At $2:00$pm car's speedometer reads $30$mph, and at $2:10$pm it reads $35$mph. Use the Mean Value Theorem to find acceleration the car must achieve.

Question

I'm only assuming that $f(a)$ and $f(b)$ are assigned to each respective velocity, but I'm not sure how the mean value theorem can be applied to distance rate and time.

Answer 1

Hint: the acceleration at time $t$ is given by $v'(t)$ where $v(t)$ is the speed. The mean value theorem now states that for all $a,b$ there exists a $t_0\in(a,b)$ such that $$ a(t_0)= v'(t_0) = \frac{v(b)-v(a)}{b-a}. $$

Answer 2

The mean value theorem states that for a differentiable function $f$, there exists a $c \in (a,b)$ such that the following equality holds: $$f'(c) = \frac{f(b)-f(a)}{b-a}$$ Our function $f(x)$ is the velocity as a function of time. I.e. for some time $x$, $f(x)$ outputs a velocity.

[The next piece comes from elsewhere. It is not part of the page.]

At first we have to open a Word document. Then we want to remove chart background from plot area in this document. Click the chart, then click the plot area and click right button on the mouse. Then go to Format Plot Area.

For the sake of convenience, let's reduce the units of the question, and the times to fractions of hours. Note that 10 minutes is $10/60 = 1/6$ of an hour: $$f(0/6) = 30, f(1/6) = 35$$ Then we get that $$f'(c) = \frac{35-30}{1/6-0/6} = \frac{5}{1/6} = \frac 5 1 \cdot \frac 6 1 = 30$$ We note that since $f(x)$ denotes the speed of the vehicle at some point in time $x$, the derivative $f'(x)$ denotes the velocity of the vehicle. This makes sense because the derivative is a rate of change, and acceleration is the rate of change of velocity.

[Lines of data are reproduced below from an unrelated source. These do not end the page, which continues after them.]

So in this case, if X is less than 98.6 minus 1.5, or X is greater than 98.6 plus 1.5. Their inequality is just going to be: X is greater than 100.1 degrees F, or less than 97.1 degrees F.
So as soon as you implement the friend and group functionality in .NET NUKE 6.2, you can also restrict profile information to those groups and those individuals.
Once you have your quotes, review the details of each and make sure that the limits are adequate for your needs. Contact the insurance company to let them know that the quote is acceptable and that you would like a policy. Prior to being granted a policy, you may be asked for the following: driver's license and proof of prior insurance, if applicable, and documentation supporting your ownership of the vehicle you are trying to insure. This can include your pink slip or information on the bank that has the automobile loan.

So $f'(c)$ is the acceleration at some point $c$. This acceleration is $30$. We note that we measured time in hours and miles per hour, so we can just put the units back in: the rate of change is $30$ miles per hour per hour, i.e. the acceleration is $30\mathrm{mph}^2$.

(To be absolutely clear: $\mathrm{mph}^2$ is just the unit for acceleration.)